I felt especially troubled by the news since I don’t go to just any doctor, even if one is available. As a proactive health consumer, I research providers carefully because I want to work with someone with proven competence, a compassionate heart, and a philosophy of primary health care that supports my own. Finding a doc like that is not easy. It’s especially challenging when there are too few physicians available.
I also realized that I had become part of the troubling landscape of rural health care. I was suddenly caught up in a picture represented by facts and statistics like these: Disparities in access to healthcare for people who live in rural areas of America continue to widen. Recruiting physicians willing to work in isolated areas has also become more difficult, and is not helped by Donald Trump’s plans with respect to work visas and travel bans. Rural hospitals are closing at an alarming rate.
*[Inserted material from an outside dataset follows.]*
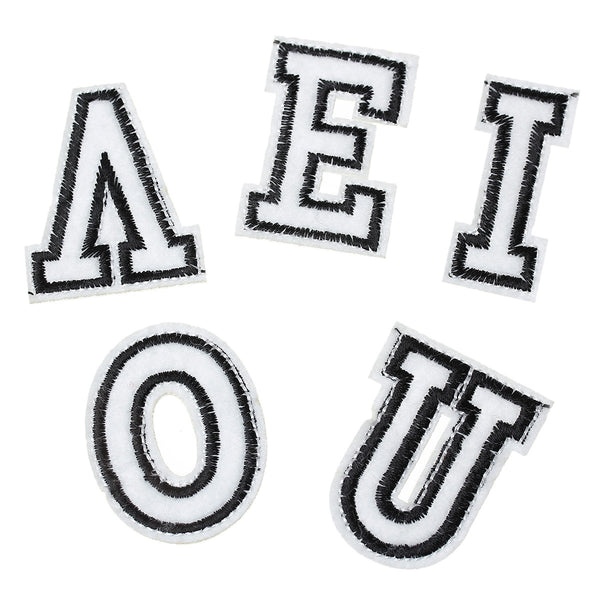 10 Pcs Black and White Alphabet Letters Embroidered Cloth Iron on Patches App...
In the past six years, 80 of them have closed and if the rate of closures holds, 25 percent of rural hospitals are predicted to close in less than a decade.
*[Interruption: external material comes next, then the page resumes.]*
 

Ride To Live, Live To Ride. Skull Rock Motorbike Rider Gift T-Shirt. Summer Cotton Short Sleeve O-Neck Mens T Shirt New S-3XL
The number of doctors per 100,000 residents is 40 in rural areas compared to 53 in urban environments. That’s not counting specialists, where the comparison is 30 to 263. More than half of our counties have no practicing psychiatrist, psychologist or social worker while opioid-related addictions and overdoses are disproportionately higher in rural areas.
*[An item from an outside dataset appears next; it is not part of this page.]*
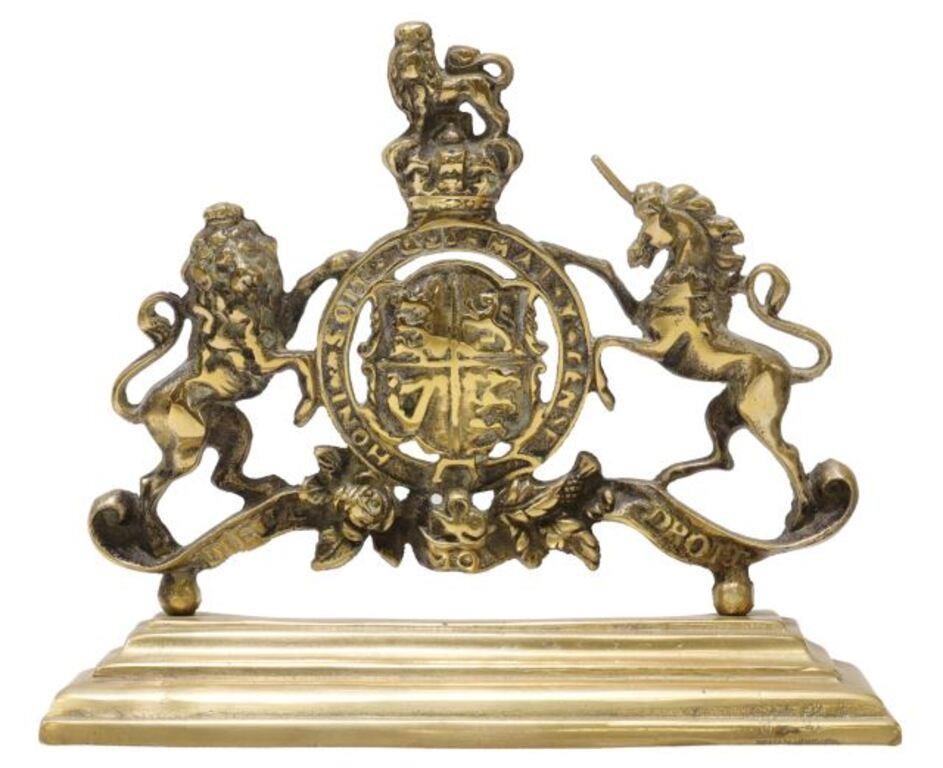 ENGLISH BRASS ROYAL COAT OF ARMS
In addition, America’s rural population is older, makes less money, smokes more, is generally less healthy, and uses Medicaid more frequently. Diabetes and coronary heart disease are more prevalent in rural areas and the death rates for rural white women have increased as much as 30 percent in recent years, reversing previous trends.
Studies published in the British Medical Journal recently revealed a severe lack of resources at rural hospitals, sparse staffing and limited access to specialist consultations and diagnostic tools. An attempt to reduce emergency department admissions for cost-cutting is also putting patients at risk.
The situation is complex and challenging due to economic factors, social differences, educational shortcomings, lack of understanding and political will among legislators, and the isolation of living in remote areas, according to the National Rural Health Association.
Some health care analysts and managers advocate for increased use of technology to help solve the growing problems in rural health care delivery, arguing that while technology won’t solve all the problems, it can make a discernable difference. For example, the Institute of Medicine believes that telemedicine can allow rural hospitals to “cut down on the time it takes rural patients to receive care, particularly specialty care.”
That’s all well and good, perhaps, when it comes to hospitals reducing costs and meeting their other needs. But where does it leave me, and other rural patients, when we’re sitting in our johnnies waiting to (literally) see our doctors? Where is the comforting face-to-face communication and the physical observation so vital to a clinician’s assessment of a patient’s condition and emotional state? Where is the Q&A necessary for shared decision-making? I once left a practice because my doctor, who had previously looked me in the eye when we talked, listened carefully to what I said, and talked to me like a peer, suddenly couldn’t get his face out of his computer screen long enough to greet me when I entered the room.
As I search for a new doctor – the right doctor – in the coming days, I recognize that like many others, I have a big challenge ahead. For me that challenge goes beyond numbers - something the profession includes in discussions of “accessibility.” It involves trust, proven skills, two-way communication - often around intimate issues or possible critical life decisions - and mutual respect.
Such a partnership for health is not easy to find no matter where one lives. In rural America, it is becoming even more difficult. Patience and perseverance in selecting, hopefully, from a crop of good new physicians, may be just what the doctor – and this community -need to order.